People often complain about rigged or inefficient polling stations after their desired nominee loses an election. The frustration of unsatisfied voters often causes widespread anxiety and panic about governmental and institutional corruption that unfairly led to the downfall of their nominee. This concern can be exaggerated, but often it is completely warranted. Recent incidents at polling stations on Election Day exemplify how vulnerable our election system is to voter suppression.
Though a crucial state for a nominee to gain electoral votes, voters in Florida experienced intimidation and fear mongering at some polling stations. At one station in Hollywood, Fla, voters were met with, “aggressive individuals hovering around individuals as they approach the polling site,” according to The Washington Post. Some voters left the area without casting a ballot because they felt unsafe.
Additionally, an “unauthorized individual” who refused to leave the building disturbed a polling station in a predominantly black precinct in Jacksonville, Fla. Although the intentions of this individual are vague and possibly unknown, it is unsettling to witness or to experience disciplinary action and security protection in action at the polls.
Voter intimidation and attempted voter suppression has existed as long as our democratic process has existed, and it is frightening that many people do not follow laws against it.
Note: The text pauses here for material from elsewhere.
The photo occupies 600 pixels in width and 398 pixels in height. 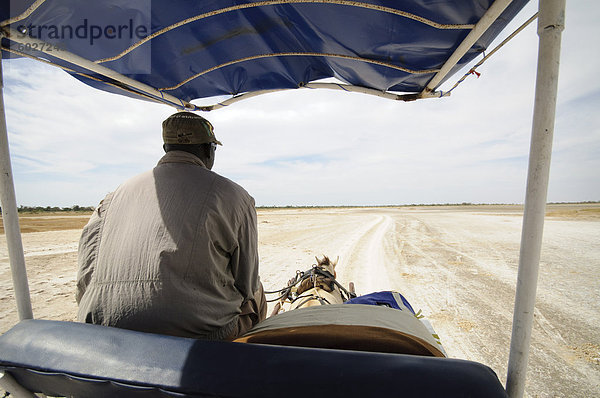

The easiness with which a dangerous person can potentially arrive at a polling station and harm voters before help or security arrives is a giant flaw in our election organization.
While a switch to completely digital or remote voting is discouraged because of technology concerns, the protection of the right to vote is questioned and challenged for people who experience problems at the polls. Politicians and activists have recognized this failing time and time again, yet it is unclear how we can formally improve or restructure our process.
It would be incredibly unfortunate if election results were dramatically changed because of problems at polling stations. Now that the presidential election has come and gone, we can work toward improving our polling systems just in time for the midterm elections.